DESCRIPTION OF THE TASK: Every record must be copied exactly, from first line to last.

[Short text fragments from websites]
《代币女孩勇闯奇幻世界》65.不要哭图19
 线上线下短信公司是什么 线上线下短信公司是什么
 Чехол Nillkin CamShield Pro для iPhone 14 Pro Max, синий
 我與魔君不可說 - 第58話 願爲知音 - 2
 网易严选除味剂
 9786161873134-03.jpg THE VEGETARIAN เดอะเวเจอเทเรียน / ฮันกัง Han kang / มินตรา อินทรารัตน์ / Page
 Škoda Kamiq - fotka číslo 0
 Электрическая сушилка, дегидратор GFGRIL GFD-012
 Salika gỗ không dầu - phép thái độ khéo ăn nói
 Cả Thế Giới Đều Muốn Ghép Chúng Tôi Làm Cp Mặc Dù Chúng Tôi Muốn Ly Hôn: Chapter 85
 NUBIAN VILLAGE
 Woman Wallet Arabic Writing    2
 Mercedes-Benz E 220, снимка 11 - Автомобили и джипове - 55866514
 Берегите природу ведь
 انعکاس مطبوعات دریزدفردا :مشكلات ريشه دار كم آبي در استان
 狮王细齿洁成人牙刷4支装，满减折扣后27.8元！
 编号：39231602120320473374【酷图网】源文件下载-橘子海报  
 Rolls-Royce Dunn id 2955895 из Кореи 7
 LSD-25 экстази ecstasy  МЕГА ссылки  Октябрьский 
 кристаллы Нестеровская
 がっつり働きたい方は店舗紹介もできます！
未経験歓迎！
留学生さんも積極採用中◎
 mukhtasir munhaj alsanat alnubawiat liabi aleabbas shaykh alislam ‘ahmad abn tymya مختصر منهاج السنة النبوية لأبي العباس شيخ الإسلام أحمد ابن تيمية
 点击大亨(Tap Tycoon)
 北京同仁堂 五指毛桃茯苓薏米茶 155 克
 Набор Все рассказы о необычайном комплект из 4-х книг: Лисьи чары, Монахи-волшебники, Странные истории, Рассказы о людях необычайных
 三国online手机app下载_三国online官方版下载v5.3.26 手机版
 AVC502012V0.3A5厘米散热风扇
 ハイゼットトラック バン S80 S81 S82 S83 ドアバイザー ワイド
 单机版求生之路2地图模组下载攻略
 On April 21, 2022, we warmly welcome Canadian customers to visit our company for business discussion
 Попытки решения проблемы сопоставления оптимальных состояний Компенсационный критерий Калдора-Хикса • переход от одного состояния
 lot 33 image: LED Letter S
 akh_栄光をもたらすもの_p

EXERCISE ANSWER:
《代币女孩勇闯奇幻世界》65.不要哭图19
 线上线下短信公司是什么 线上线下短信公司是什么
 Чехол Nillkin CamShield Pro для iPhone 14 Pro Max, синий
 我與魔君不可說 - 第58話 願爲知音 - 2
 网易严选除味剂
 9786161873134-03.jpg THE VEGETARIAN เดอะเวเจอเทเรียน / ฮันกัง Han kang / มินตรา อินทรารัตน์ / Page
 Škoda Kamiq - fotka číslo 0
 Электрическая сушилка, дегидратор GFGRIL GFD-012
 Salika gỗ không dầu - phép thái độ khéo ăn nói
 Cả Thế Giới Đều Muốn Ghép Chúng Tôi Làm Cp Mặc Dù Chúng Tôi Muốn Ly Hôn: Chapter 85
 NUBIAN VILLAGE
 Woman Wallet Arabic Writing    2
 Mercedes-Benz E 220, снимка 11 - Автомобили и джипове - 55866514
 Берегите природу ведь
 انعکاس مطبوعات دریزدفردا :مشكلات ريشه دار كم آبي در استان
 狮王细齿洁成人牙刷4支装，满减折扣后27.8元！
 编号：39231602120320473374【酷图网】源文件下载-橘子海报  
 Rolls-Royce Dunn id 2955895 из Кореи 7
 LSD-25 экстази ecstasy  МЕГА ссылки  Октябрьский 
 кристаллы Нестеровская
 がっつり働きたい方は店舗紹介もできます！
未経験歓迎！
留学生さんも積極採用中◎
 mukhtasir munhaj alsanat alnubawiat liabi aleabbas shaykh alislam ‘ahmad abn tymya مختصر منهاج السنة النبوية لأبي العباس شيخ الإسلام أحمد ابن تيمية
 点击大亨(Tap Tycoon)
 北京同仁堂 五指毛桃茯苓薏米茶 155 克
 Набор Все рассказы о необычайном комплект из 4-х книг: Лисьи чары, Монахи-волшебники, Странные истории, Рассказы о людях необычайных
 三国online手机app下载_三国online官方版下载v5.3.26 手机版
 AVC502012V0.3A5厘米散热风扇
 ハイゼットトラック バン S80 S81 S82 S83 ドアバイザー ワイド
 单机版求生之路2地图模组下载攻略
 On April 21, 2022, we warmly welcome Canadian customers to visit our company for business discussion
 Попытки решения проблемы сопоставления оптимальных состояний Компенсационный критерий Калдора-Хикса • переход от одного состояния
 lot 33 image: LED Letter S
 akh_栄光をもたらすもの_p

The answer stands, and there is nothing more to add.